The new guidelines adopted by the 46-nation Nuclear Suppliers’ Group (NSG) at its plenary meeting in Noordwijk in the Netherlands last week on transfer of sensitive nuclear material among countries will effectively nullify the clean waiver given to India by the group in 2008.

According to the new guidelines countries which are not signatories to the Nuclear Non-Proliferation Treaty (NPT) and which do not have fullscope safeguards will not be entitled to transfer of enrichment and reprocessing equipment and technologies (ENR).

This goes against the letter and spirit of the civil nuclear deal India signed with the US and the agreements India had with the NSG. The difficult and detailed negotiations India had with the US and the nuclear suppliers’ cartel had exempted India from these conditions and their unilateral return now would mean a breach of faith.

According to the civil nuclear deal India had made a number of commitments like separation of civil and military nuclear reactors, adoption of safeguards and allowing international inspection of its civilian reactors. The government had also announced that these commitments were being made on the condition of the lifting of all nuclear restrictions. But the government’s expectations have been belied.

Outwardly the NSG was trying to make the rules for transfer of sensitive nuclear material tougher. Since nuclear business with countries like Pakistan, Israel and North Korea is already banned, the new regulations affect only India. It is surprising that the US which took the initiative for the nuclear deal was fully agreeable with the new guidelines.
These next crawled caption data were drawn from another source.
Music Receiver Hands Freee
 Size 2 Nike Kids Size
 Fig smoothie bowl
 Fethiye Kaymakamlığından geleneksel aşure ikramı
Ironically it has also made the patently unacceptable claim that the new guidelines are not at variance with the earlier clean waiver got by India and its rights under the civil nuclear deal.

India will now have to work for neutralising the effect of the new guidelines. It had entered into bilateral agreements with the US, France and Russia for supply of nuclear reactors on the express understanding that there would not be any restriction on transfer of ENR technology.

These countries will have to be made to honour this commitment. India should refuse to honour its part of the deals if they are unable to do so. India should be able to have its way since they have a big financial stake in nuclear relations with the country.